If there were a single watchword—one guiding principle with which to tackle Southeast Asian markets—it would be agility. Given the pace of change as the forces described above buffet the region, many multinationals and most local businesses will have to adapt if they are to keep up.
Some of the region’s leading businesses show the way forward:
AirAsia uses digital channels to engage consumers more actively, integrating its activities (including customer service) into its core social-media strategy on Facebook and Twitter. Its mobile app has been downloaded more than 2 million times. As a result, it enjoys strong engagement with its customers, with 1.4 million fans on Facebook and more than 324,000 followers on Twitter. It has cut 40 percent from its contact center costs, and has won numerous awards.
In the banking sector, mobile apps have become central to the digital offering and increased functionality drive competitiveness. Leading banks are also using partnerships to elevate themselves. For example, Bank of the Philippine Islands has partnered with Globe, a telecommunications company, to offer Globe BanKO—the first mobile microfinance-focused savings bank in the Philippines. This initiative allows banks to dispense with costly brick-and-mortar branches and to reach out to new market segments, fully realizing the digital opportunity.

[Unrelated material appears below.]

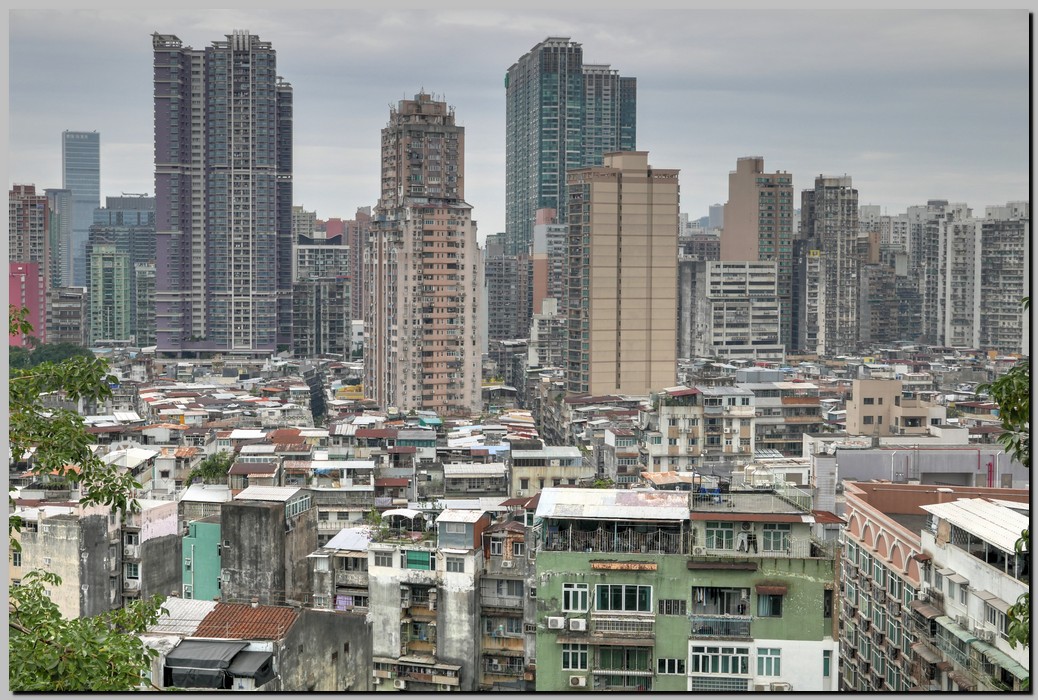 P1700472_3_4.jpg (292 KB)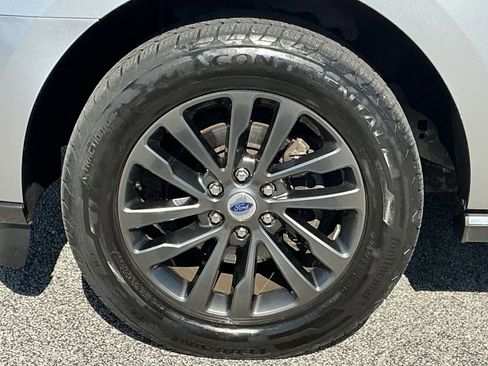 Used 2020 Ford Expedition Limited image 25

The more businesses understand the degree of latent demand in the region and the factors that can release that demand, the more confidently they will initiate additional services and build out broader markets. And the more Southeast Asia’s governments understand the benefits of a digitally enabled society—not to mention their citizens’ wishes—the more likely they are to support infrastructure build-outs and digital enablement. These are the factors that may soon push the region past a digital tipping point.